Re: Czy jestem z innej planety?

Post autor: Abraham45 » 2018-01-11, 13:29

Oczywiscie wielki doradca ma zawsze racje. I właśnie dlatego założyłem ten temat. Tylko widzisz, różnica jest taka, że twoje oceny, krytyki mają nyć uznawane za prawdziwe no jesteś wielkim doradcą forumowym i jak widać zawsze ty masz rację a ja nie uważam sienie za specjalistę i moje uwagi to tylko moja ocena, która nie musi być uznawana przez innych, ważne aby służyla dobru innych.

Tytułu doktora czy magistra jak widać nie masz z psychologii więc twoje rady czy twierdzenia to tylko twona ocena której nie można uznać za 100% prawdę, więc nie ma co sie nią kierować.

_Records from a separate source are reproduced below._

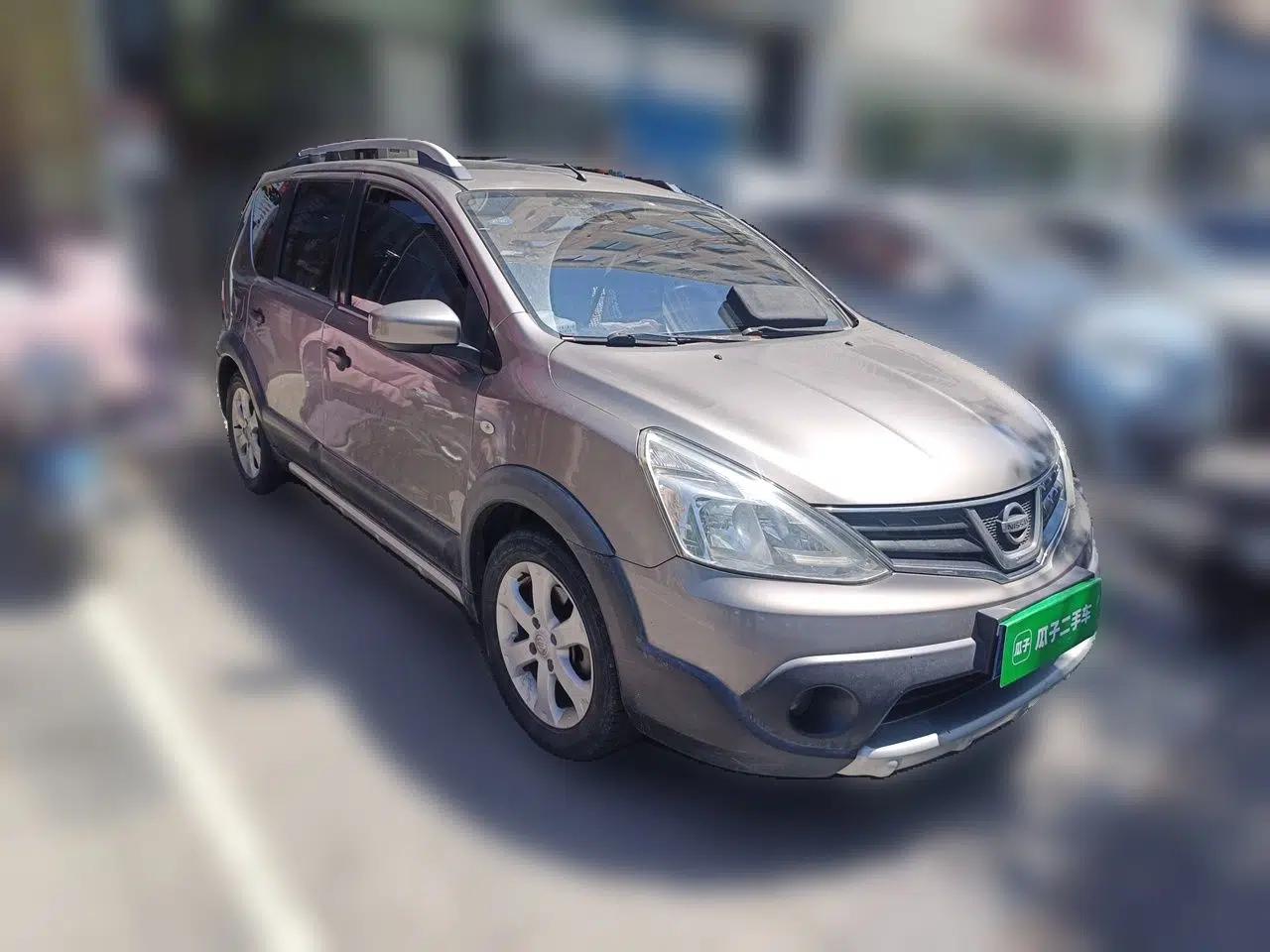 Nissan Livina 2013 JINRUI 1.6XV CVT Luxury Edition — миниатюра 3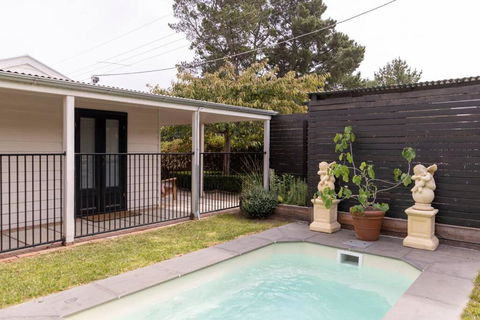 COOKS HOUSE - 4 BEDROOM WEATHERBOARD IN LAURISTON - Surfers Gold Coast 1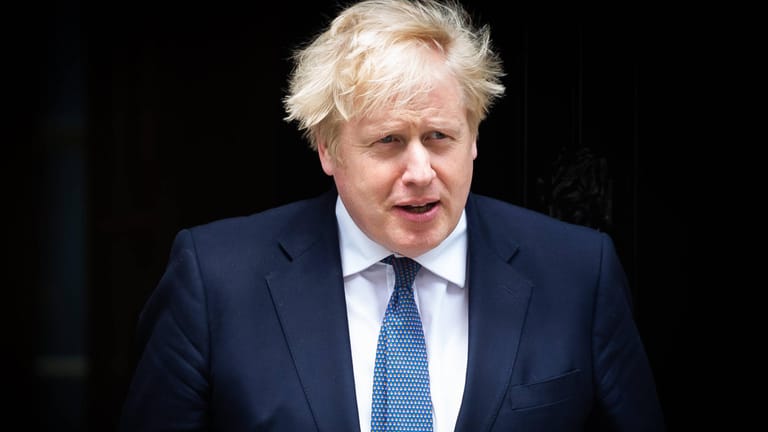 Premierminister Boris Johnson: In England werden die Corona-Maßnahmen verlängert.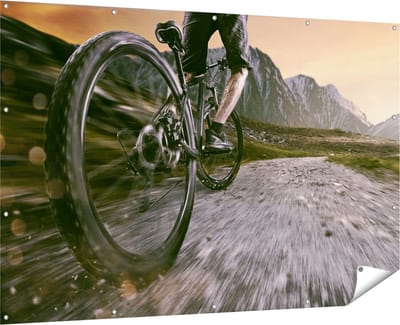 Gards Tuinposter Moutainbike Fietser in de Bergen - 180x120 cm - Tuindoek - Tuindecoratie - Wanddecoratie buiten - Tuinschilderij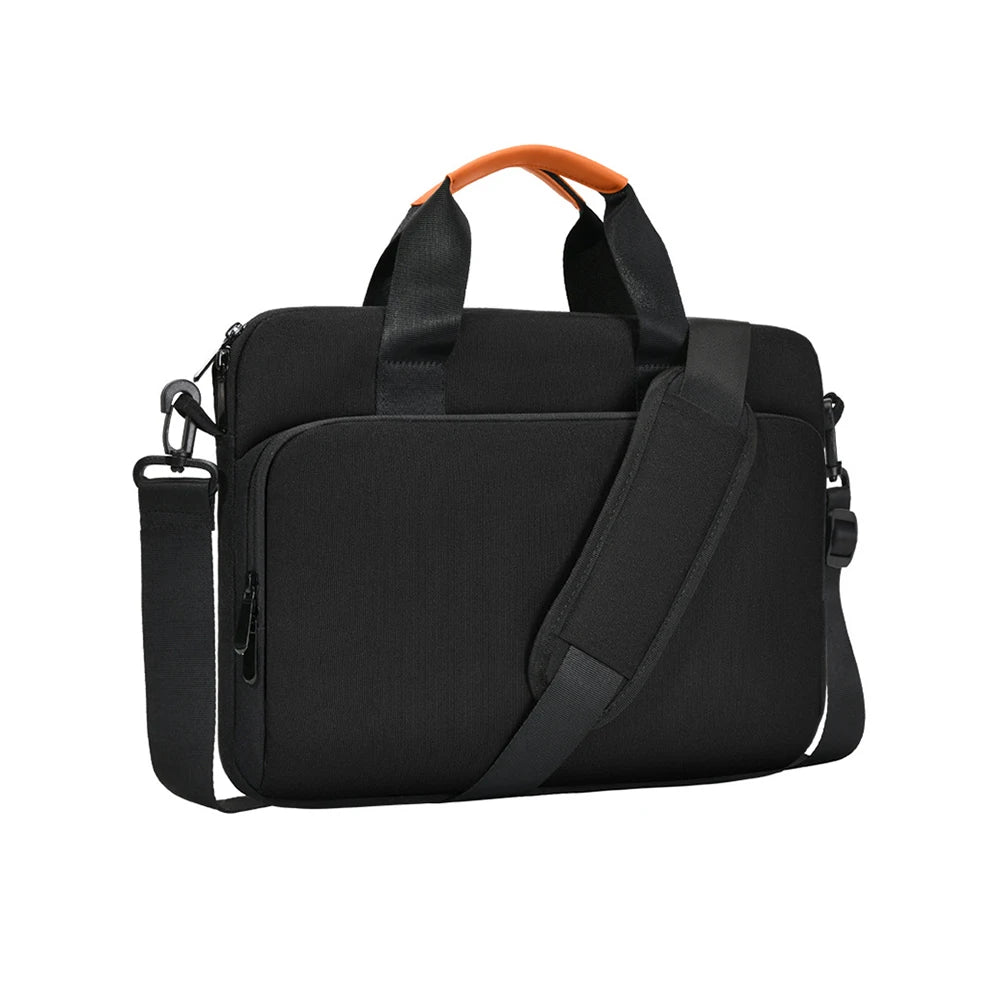 Housse d'ordinateur portable noire premium avec accents orange et bretelles rembourrées.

To już wiele wyjaśniło. teraz można nawet zamknąć temat, chyba że ktoś ma swoje ywagi. Ja bynajmniej do ciebie Marku już nie mam żadnych. Wiem to co chciałem wiedzieć. 100 % dystansu do twoich wypowiedzi. Rozumiem że pójdzie to w odwrotnym kierunku i bedzie vice versa. Ale to nie jest dla mnie już ważne.